Не успели мы отойти от проходной, как оттуда послышался грохот и отборный мат.
«Понял, понял! Больше не повторится! Но вы же сами говорили…», — обиженным плачущим голосом оправдывался боец.
— Сволочи, на публику играют. Мне мужики говорили, прапор и этот пи…р в доле, — ворчал Серёга. — А представляете, пойдёт этот ворюга на дембель и будет дома втирать, как героически он нас охранял, или того пуще — исполнял интернациональный долг. Расскажет пару историй, подслушанных под дверями наших комнат, вот и получится очередной «герой апрельской революции». А ведь никто и сомневаться не будет: вернулся, отслужив два года в Туркестанском военном округе.

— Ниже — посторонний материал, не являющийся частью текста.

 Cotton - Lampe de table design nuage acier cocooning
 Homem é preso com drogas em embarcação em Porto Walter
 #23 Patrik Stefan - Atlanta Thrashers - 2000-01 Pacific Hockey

Пойди, проверь, где он служил: в Афгане или на пересылке по чужим сумкам шарился!
— Серёнь, не кипятись — проехали! — Степаныч, самый старший из вертолётчиков, оказавшийся командиром их звена, повернулся в мою сторону. — А ты где поселился?
Оказалось, меня случайно определили на одну из двух пустовавших коек в комнате, где уже жили Степаныч и Серёга.

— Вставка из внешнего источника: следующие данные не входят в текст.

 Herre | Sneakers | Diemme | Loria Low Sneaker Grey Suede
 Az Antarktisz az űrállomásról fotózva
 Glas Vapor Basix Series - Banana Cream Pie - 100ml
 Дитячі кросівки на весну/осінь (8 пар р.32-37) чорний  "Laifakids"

Единогласно было решено «чисто символически» отметить нашу встречу и знакомство всем коллективом.
Когда собирали на стол нехитрую закуску, я почему-то вспомнил Серёгины слова об интернациональном долге. В его интонации слышалась какая-то непонятная ирония и ещё что-то неуловимое. Для меня, прошедшего Суворовскую школу, слова «патриот», «интернационалист» ассоциировались с героями художественных фильмов «Офицеры», «Добровольцы», подвигами участников интернациональных бригад в Испании и подобных им. Хотя уже прошло уже семь лет, как сменил алые погоны и лампасы на голубые погоны, но до сих пор от этих слов веяло какой-то героической романтикой. А тут от настоящих, живых воинов-интернационалистов я услыхал их с пока непонятными для меня интонациями.
Хотелось спросить, уточнить, но благоразумно решил разобраться сам, уже на месте.

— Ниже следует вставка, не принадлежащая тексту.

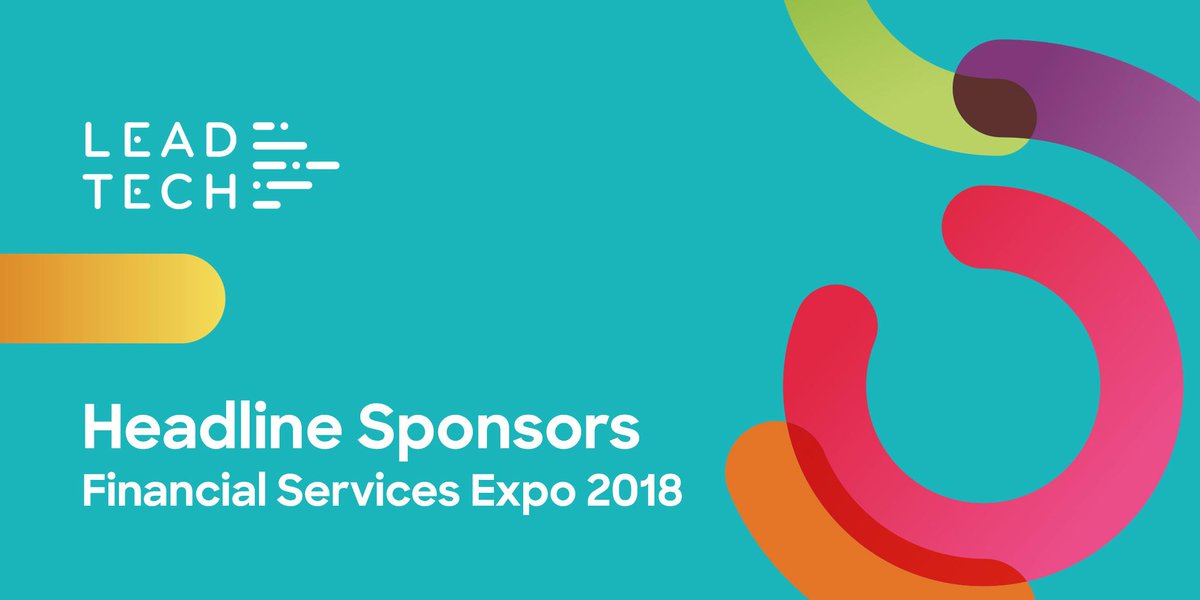 LifeatLeadTech's tweet image. Lead Tech is proud to announce ourselves as one of the headline sponsors of the Financial Services Expo London 2018. #fse2018 #financialservicesexpo2018 #financailservices #london #digitalmarketing #financialservicesmarketing #marketing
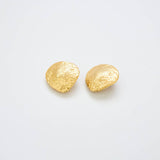 Vintage Erwin Pearl Textured Stud Earrings - Admiral Row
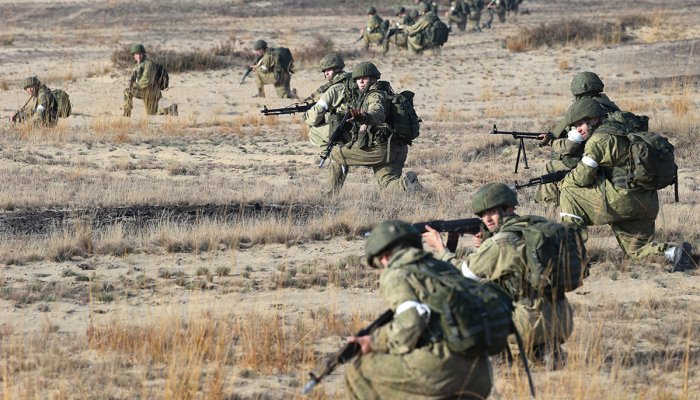С 25 по 29 марта в пригороде Иркутска пройдут военные учения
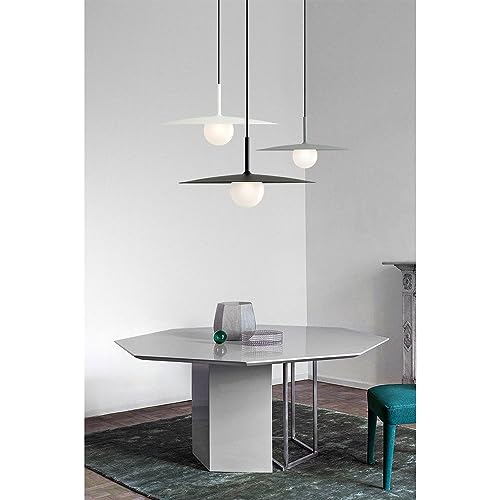 Lustre campagne rétro simple TYKHGFS verre multicolore V - 7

Первых два тоста выпили почти сразу, один за другим. Я даже закусить, как следует, не успел, как кто-то из вертолетчиков снова наполнил стаканы.
— Между первой и второй перерывчик небольшой — чтобы и пуля пролететь не успела! — пояснил кто-то у меня над ухом и от этого стало немного неуютно: если пить с такими темпами, то меня на долго не хватит…
Но после второго тоста все принялись закусывать уже обстоятельно, неспеша. Почему-то никто не закуривал. Постепенно завязалась беседа. Как-то незаметно стаканы снова оказались наполненными.
Среди шуток и смеха Сергей взял со стола свой стакан с водкой и молча встал. Ему последовали остальные. Я тоже. Молча, не чокаясь, выпили. Постояли. Снова сели за стол. Закурили.
Меня удивила внезапная перемена в выражении лиц моих новых знакомых. Они стали какими-то отрешенными, неподвижными, как у памятников. Их глаза смотрели, ничего не видя вокруг, как у человека, что, задумавшись, ушел в мыслях глубоко в себя.
— Третий тост — это за тех, кого с нами нет. В общем, надеюсь, ты понял, — шепнул мне на ухо Степаныч.
В тот вечер я впервые познакомился с этой традицией, родившейся когда-то давным-давно и свято соблюдаемая всеми «афганцами». Первый, второй и четвёртый тосты иногда посвящались в разных компаниях различным событиям или людям. У нас, в Баграме, было принято: первый тост пили по поводу, по которому собрались, второй — за тех, кто любит и ждёт, четвёртый — за то, чтобы за нас третий тост не пили.